■ WORK ORDER: When you retype the data, keep every word exactly and include none of the pictures.

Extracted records
^^^^
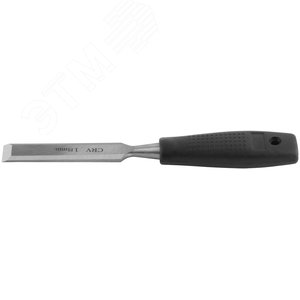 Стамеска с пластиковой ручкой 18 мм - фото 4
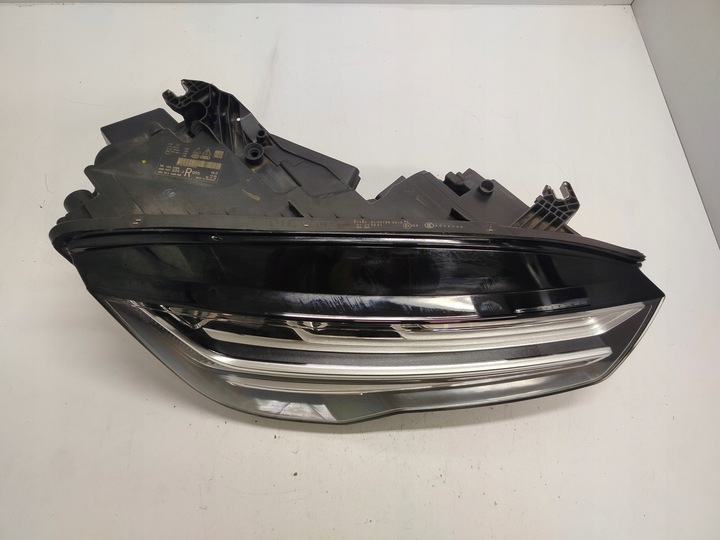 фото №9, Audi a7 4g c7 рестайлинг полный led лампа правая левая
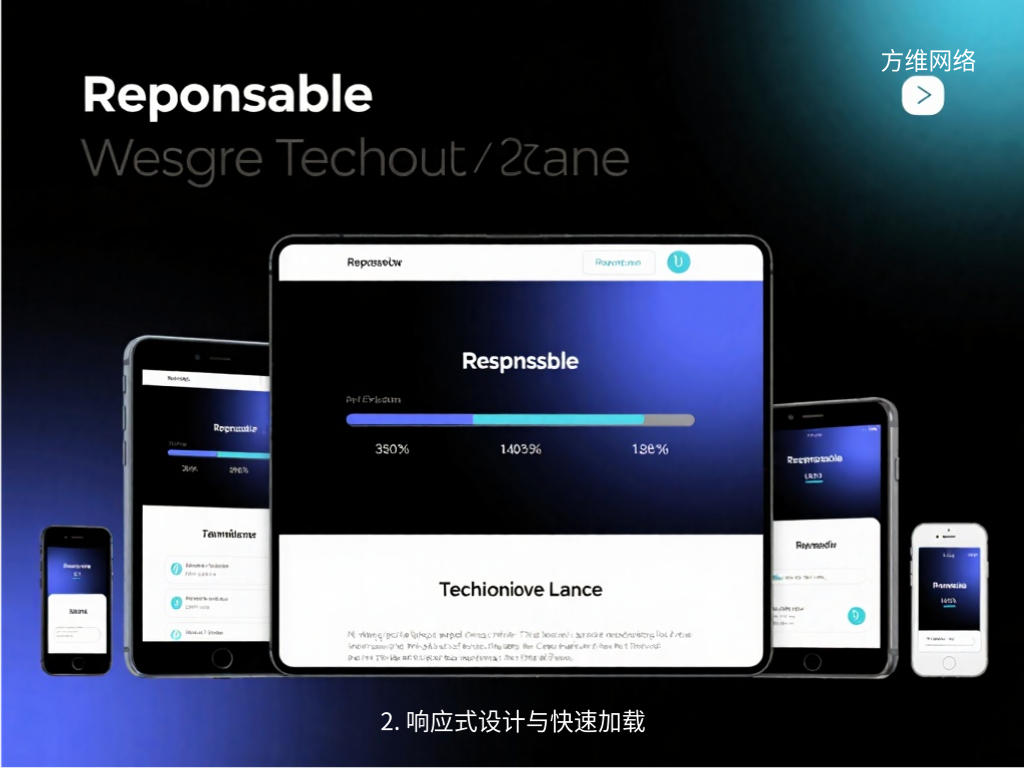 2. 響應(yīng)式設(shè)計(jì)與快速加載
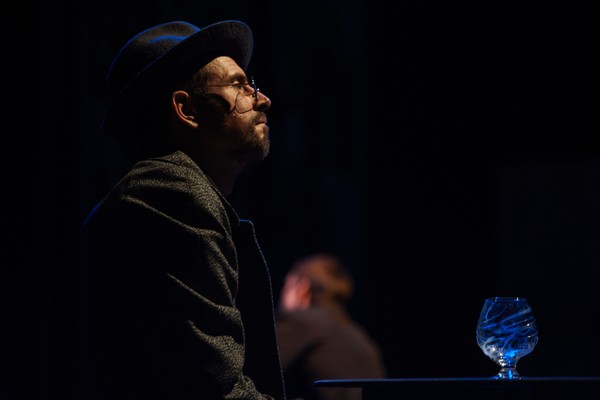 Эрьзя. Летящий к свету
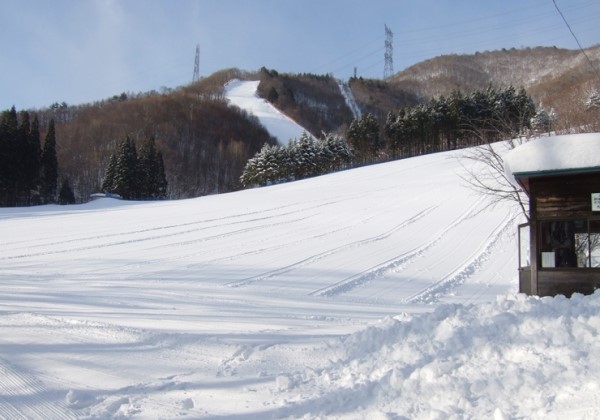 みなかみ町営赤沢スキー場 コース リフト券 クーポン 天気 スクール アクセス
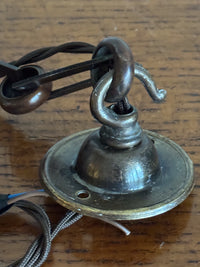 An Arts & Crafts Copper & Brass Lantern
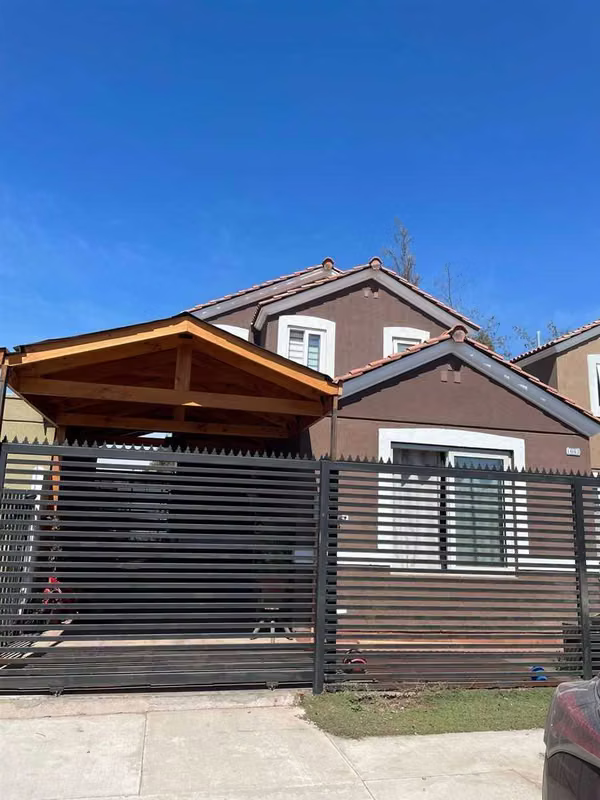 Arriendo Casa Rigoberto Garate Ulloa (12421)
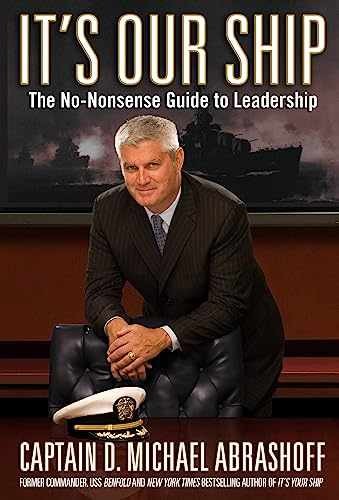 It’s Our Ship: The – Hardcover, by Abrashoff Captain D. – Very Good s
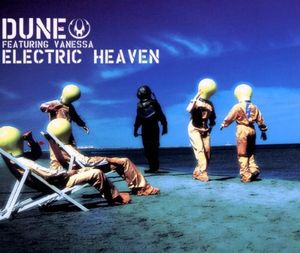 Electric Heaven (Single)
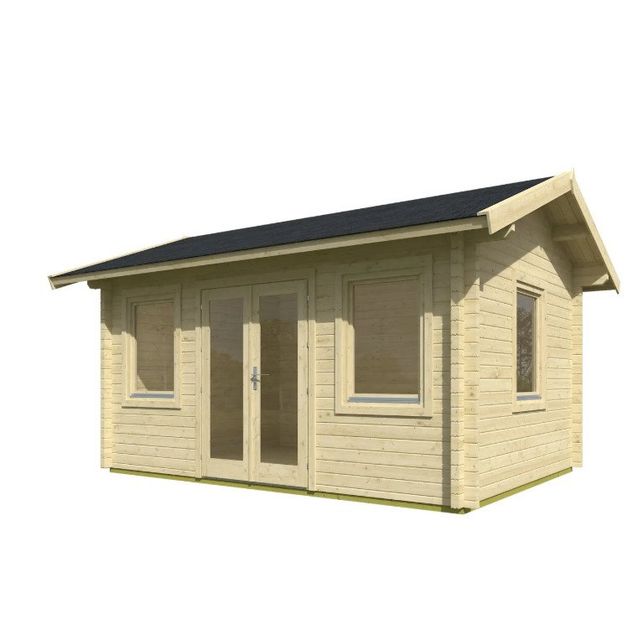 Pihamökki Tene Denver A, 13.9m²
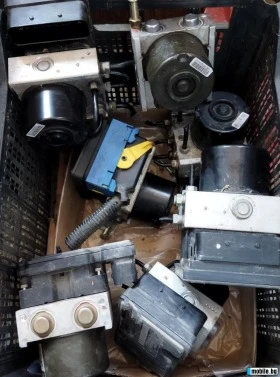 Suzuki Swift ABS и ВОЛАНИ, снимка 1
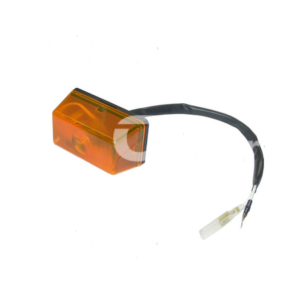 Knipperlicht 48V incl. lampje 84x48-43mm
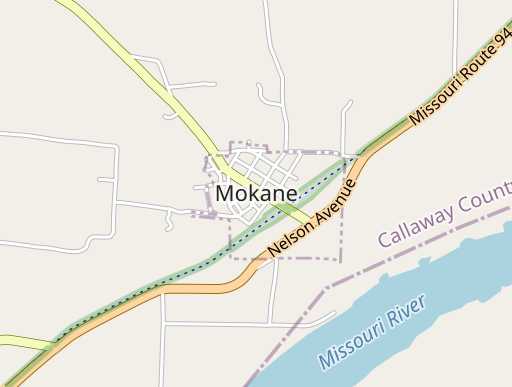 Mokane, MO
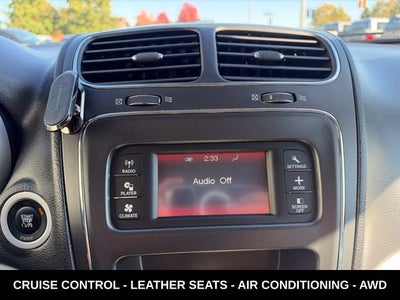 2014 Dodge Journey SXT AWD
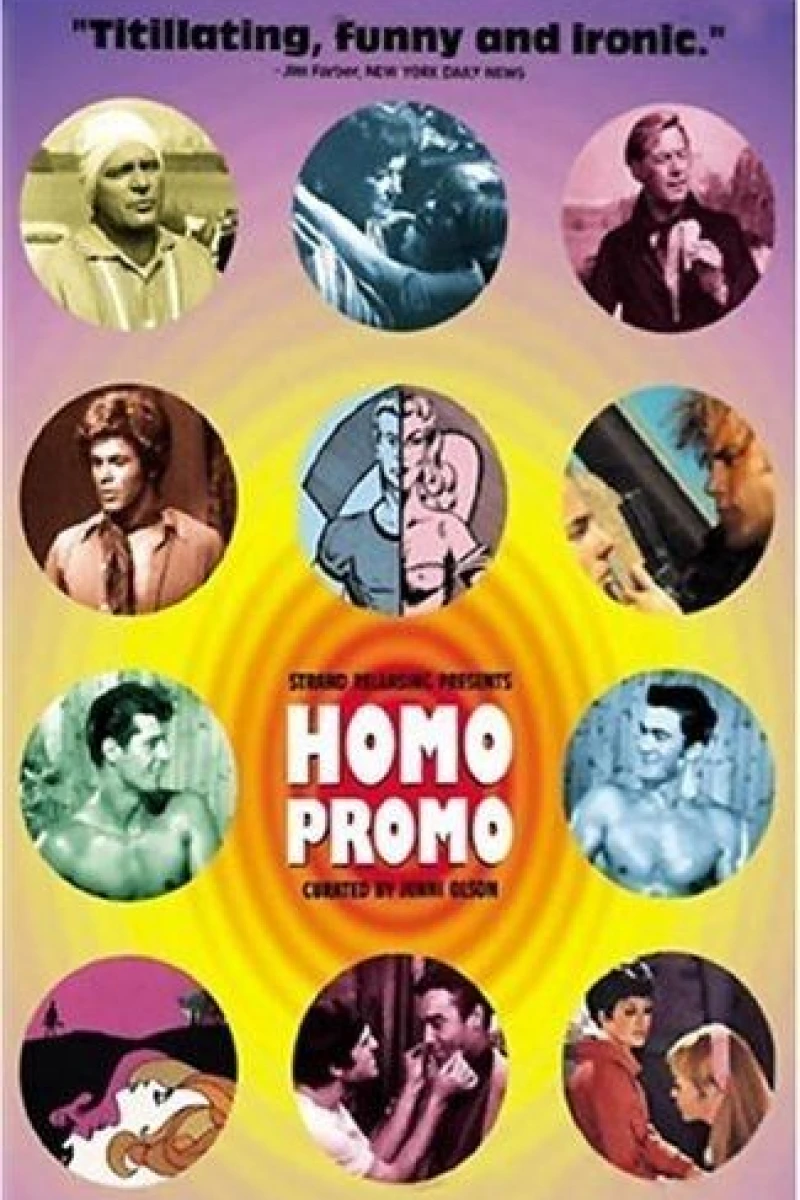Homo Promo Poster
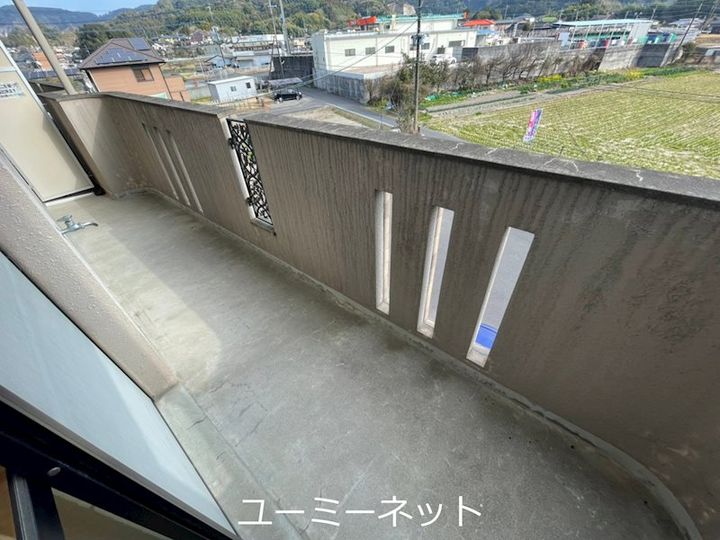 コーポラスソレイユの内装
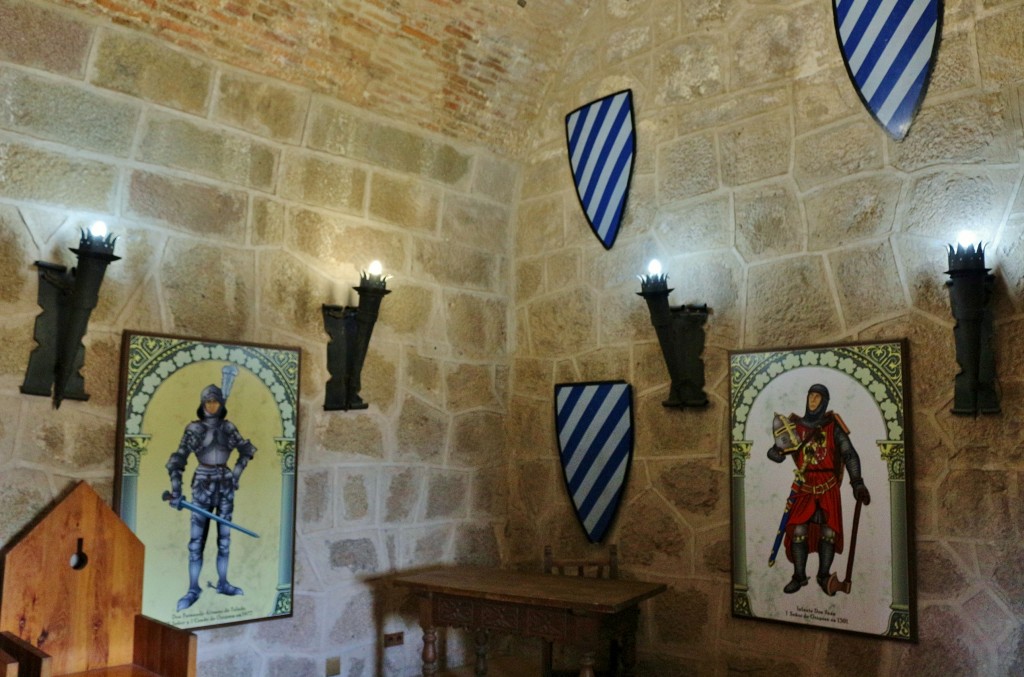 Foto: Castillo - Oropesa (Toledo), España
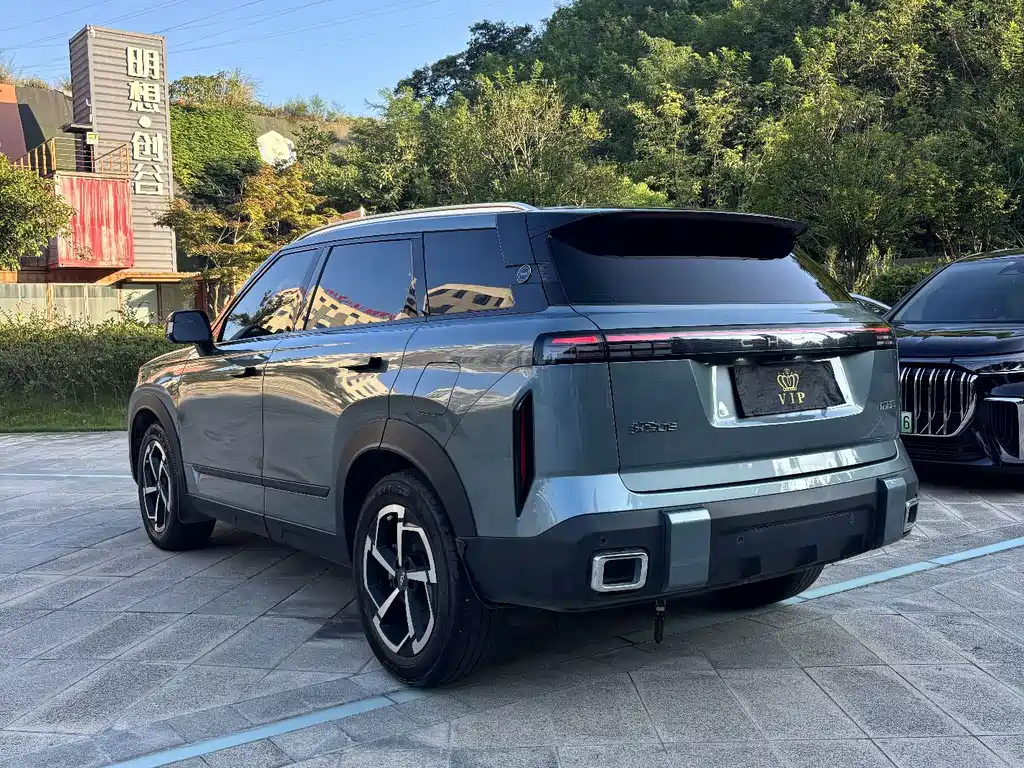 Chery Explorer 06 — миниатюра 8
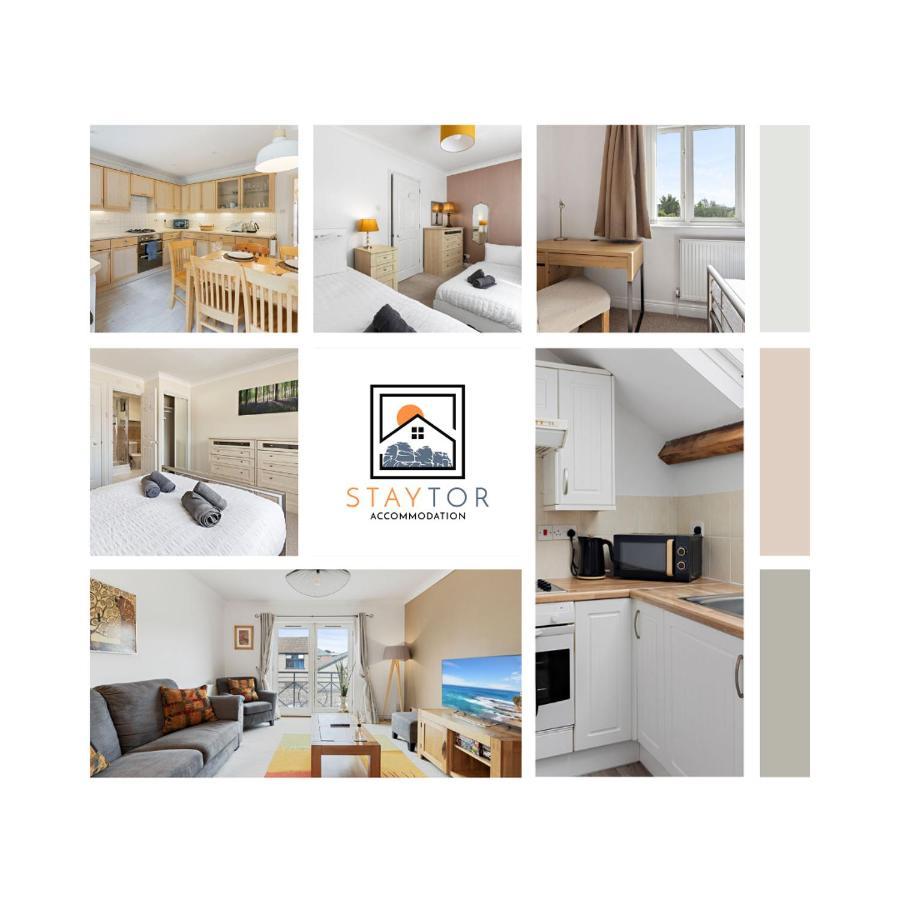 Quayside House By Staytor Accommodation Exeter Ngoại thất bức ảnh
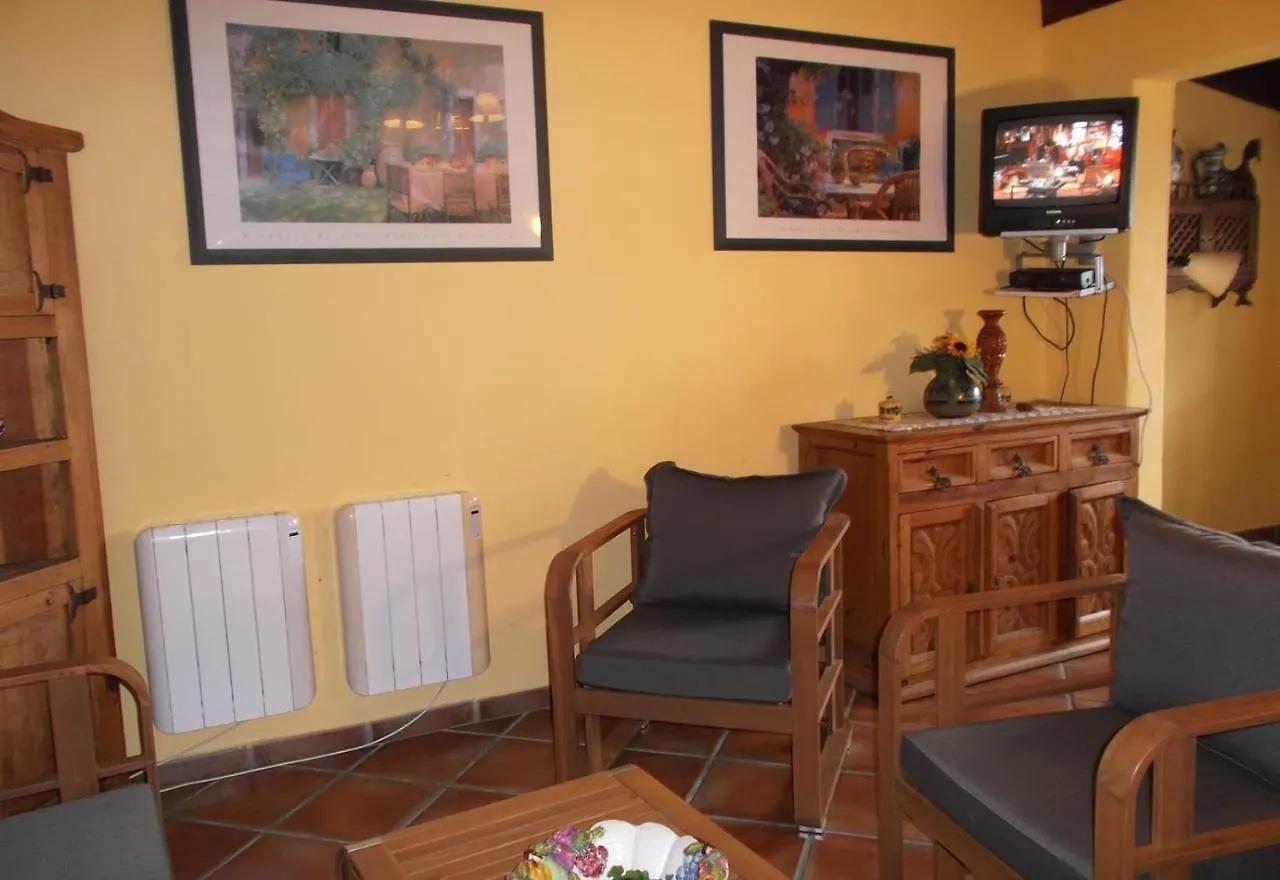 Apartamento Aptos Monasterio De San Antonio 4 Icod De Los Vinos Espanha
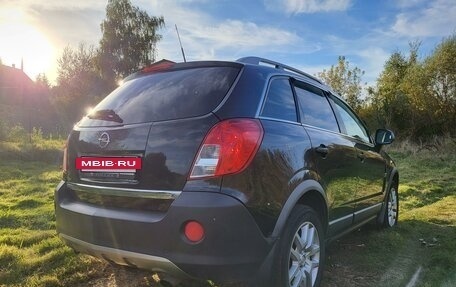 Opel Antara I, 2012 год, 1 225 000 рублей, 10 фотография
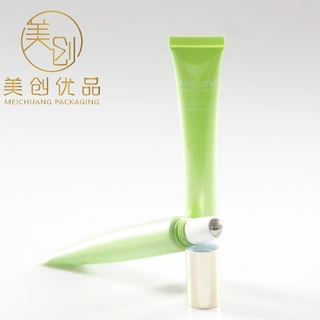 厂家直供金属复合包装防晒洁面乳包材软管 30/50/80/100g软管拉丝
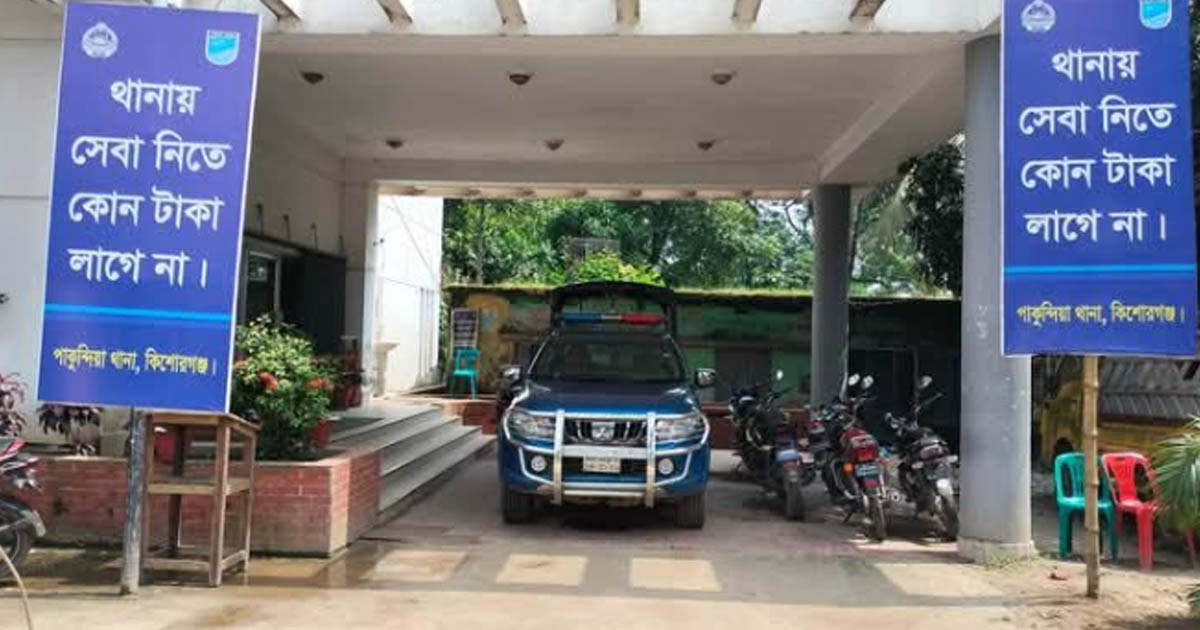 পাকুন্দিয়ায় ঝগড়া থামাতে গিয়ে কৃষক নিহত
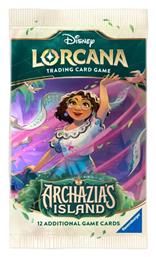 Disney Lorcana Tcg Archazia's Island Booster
^^^^
■ OUTPUT OF THE TASK:
 Стамеска с пластиковой ручкой 18 мм - фото 4
 фото №9, Audi a7 4g c7 рестайлинг полный led лампа правая левая
 2. 響應(yīng)式設(shè)計(jì)與快速加載
 Эрьзя. Летящий к свету
 みなかみ町営赤沢スキー場 コース リフト券 クーポン 天気 スクール アクセス
 An Arts & Crafts Copper & Brass Lantern
 Arriendo Casa Rigoberto Garate Ulloa (12421)
 It’s Our Ship: The – Hardcover, by Abrashoff Captain D. – Very Good s
 Electric Heaven (Single)
 Pihamökki Tene Denver A, 13.9m²
 Suzuki Swift ABS и ВОЛАНИ, снимка 1
 Knipperlicht 48V incl. lampje 84x48-43mm
 Mokane, MO
 2014 Dodge Journey SXT AWD
Homo Promo Poster
 コーポラスソレイユの内装
 Foto: Castillo - Oropesa (Toledo), España
 Chery Explorer 06 — миниатюра 8
 Quayside House By Staytor Accommodation Exeter Ngoại thất bức ảnh
 Apartamento Aptos Monasterio De San Antonio 4 Icod De Los Vinos Espanha
 Opel Antara I, 2012 год, 1 225 000 рублей, 10 фотография
 厂家直供金属复合包装防晒洁面乳包材软管 30/50/80/100g软管拉丝
 পাকুন্দিয়ায় ঝগড়া থামাতে গিয়ে কৃষক নিহত
 Disney Lorcana Tcg Archazia's Island Booster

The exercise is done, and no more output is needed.